Gegen die guten Sitten verstieße ein solcher Vertrag jedenfalls, wenn er die Freizeichnung von der erstmaligen Verschaffungspflicht enthielte (Nitsche a. a. O., 66 mit Hinweisen auf weiteres Schrifttum) oder wenn es dem Leasing-Nehmer gänzlich verwehrt wäre, Gewährleistungsansprüche zu erheben, wie sie sonst jedem Käufer einer Sache zustehen (Frotz a. a. O., 112 und 123; Emmerich in Staudinger BGB-Komm.[12], 654 Anm. 48 a, Vorbemerkung zu §§ 535, 536
BGB).
Der vorliegende Vertrag enthält jedoch keine derartigen Freizeichnungsklauseln: In Punkt 2 ist festgelegt, daß die Leasing-Raten erst nach Auslieferung des Gerätes" anfallen.

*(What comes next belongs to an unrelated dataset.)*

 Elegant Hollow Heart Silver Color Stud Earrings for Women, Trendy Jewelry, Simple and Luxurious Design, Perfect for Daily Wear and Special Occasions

In den Punkten 3 und 4 der Vertragsbedingungen wird die Haftung des Leasing-Gebers für die ordnungsgemäße Lieferung im Fall der Lieferung des Leasing-Gegenstandes durch den Leasing-Geber selbst überhaupt nicht ausgeschlossen. Für den Fall der Direktlieferung des Leasing-Gegenstandes "durch Hersteller oder Lieferanten oder sonstige dritte Personen" ist hingegen vorgesehen, daß der Leasing-Geber ",wenn diese nicht ordnungsgemäß erfüllen", dem Leasing-Nehmer "nur durch Abtretung seiner Ansprüche gegen diese" einzustehen habe (Punkt 3 der Vertragsbedingungen) und wegen der vom Leasing-Nehmer selbst getroffenen Auswahl des Leasing-Gegenstandes und nach schriftlicher Bekanntgabe der Übernahme des Leasing-Gegenstandes "weder für die Eignung desselben für den vom Mieter (= Leasing-Nehmer) vorgesehenen Verwendungszweck noch für die Verwendbarkeit im Hinblick auf die behördlichen Vorschriften" haftet.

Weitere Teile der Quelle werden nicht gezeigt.